Pierre Gattaz, nouveau président du Medef, avait annoncé un « medef de combat ». Effectivement, son discours d’investiture n’a pas déçu. Après les âneries habituelles sur l’entreprise dévorée par les charges et le code du travail, il s’en est pris à un sujet qu’on attendait pas : l’enseignement des sciences économiques et sociales. L’Express relate l’attaque :

« Notre pays ne comprend pas les entreprises, notre pays ne les aime pas suffisamment, notre pays les contraint au lieu de les aider, notre pays les taxe au lieu de les alléger, notre pays les accable trop souvent au lieu de les encourager », a déploré Pierre Gattaz. L’homme fait mouche lorsqu’il tire un exemple de sa propre expérience. La plus jeune fille du nouveau patron des patrons a dû montrer lors de son épreuve de sciences économiques et sociales « de quelle manière les conflits sociaux peuvent être facteur de cohésion sociale » ! Une vision très française de l’économie…

 

C’est vrai, quoi : ça ne serait pas plus simple de confier au Medef le soin d’établir les programmes scolaires ?

L’Association des professeurs de sciences économiques et sociales (APSES) a forcément réagi, dans un communiqué que nous a transmis Jean-François Guérin, lui-même enseignant dans cette discipline.

Voici le communiqué de l’APSES.

A peine élu président du MEDEF, Pierre Gattaz, s’en est pris aux Sciences Économiques et Sociales dans son discours d’investiture :

« Aujourd’hui, l’entreprise est toujours incomprise dans notre pays. (…) Ma plus jeune fille vient de passer son Bac (et l’aura je l’espère). Son sujet de Sciences Économiques et Sociales était « Vous montrerez de quelle manière les conflits sociaux peuvent être facteurs de cohésion sociale… » (Rires) Il y a du travail. Comme si, dans notre pays, la cohésion devait nécessairement passer par le conflit contre l’entrepreneur ! Comment au XXIe siècle peut-on encore avoir une vision de ce type, aussi caricaturale, aussi dogmatique, aussi éloignée de la réalité de nos chefs d’entreprises, du terrain, de la croissance, du stress de garder nos emplois en France, de les développer ? »

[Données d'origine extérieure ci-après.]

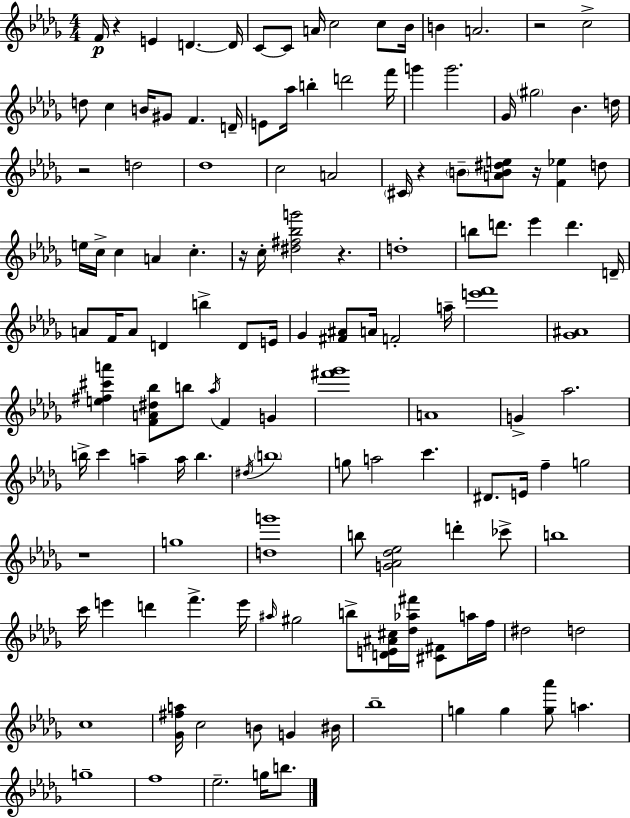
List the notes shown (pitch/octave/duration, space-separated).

Cette n-ième attaque idéologique du MEDEF contre l’enseignement et les professeurs de sciences économiques et sociales (SES) ne nous surprend pas : elle n’est que la dernière d’une longue série, et l’importance disproportionnée qu’elle nous accorde serait flatteuse si elle ne témoignait pas d’une inculture inquiétante pour un « partenaire social ».

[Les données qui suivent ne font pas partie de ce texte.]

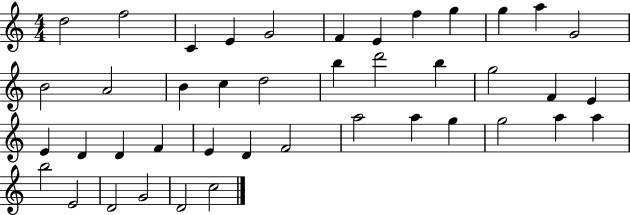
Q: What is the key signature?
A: C major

Passons sur l’erreur logique : dire que les conflits sociaux peuvent être source de cohésion n’implique aucunement qu’ils en soient l’unique source, ni que ce soit toujours le cas. Passons aussi sur l’assimilation entre conflits sociaux et conflits contre l’entrepreneur : emporté par son propre engagement et celui de l’organisation qu’il représente dans les conflits du travail, Pierre Gattaz ne voit pas qu’il y a d’autres objets de conflit. Passons également sur le contresens théorique : visiblement hanté par le spectre de Marx, Monsieur Gattaz semble entendre une exhortation à la lutte des classes dans un sujet qui fait pourtant référence à de tout autres thèses, fort peu révolutionnaires – en l’occurrence, celles de Simmel et Coser, pour qui les conflits tendent au contraire à pacifier la société, dans la mesure où ils offrent un exutoire aux tensions.

Mais que le président du MEDEF ignore – ou feigne d’ignorer – que les conflits sociaux sont susceptibles de déboucher sur des négociations collectives, voilà qui est inquiétant pour l’avenir du dialogue social. Et qu’il attribue les difficultés des entreprises à une discipline scolaire enseignée à 15 % des lycéens, voilà qui est préoccupant pour l’économie française : si c’est là le diagnostic que porte Monsieur Gattaz sur la crise actuelle, et s’il représente réellement les chefs d’entreprises, alors oui, en effet, « il y a du travail », et on peut craindre pour la croissance et l’emploi.

L’APSES demande donc à Monsieur Gattaz, soit de se mêler moins de l’enseignement des sciences économiques et  sociales, les enseignants ayant mieux à faire que défendre leur discipline contre des lobbies qui tentent d’en influencer les contenus et la finalité ; soit de s’en mêler davantage, et de se plonger sérieusement dans l’étude des sciences économiques et sociales : il apprendrait beaucoup de choses utiles à sa fonction, comme elles le sont à la formation citoyenne des lycéens et au développement de leur esprit critique.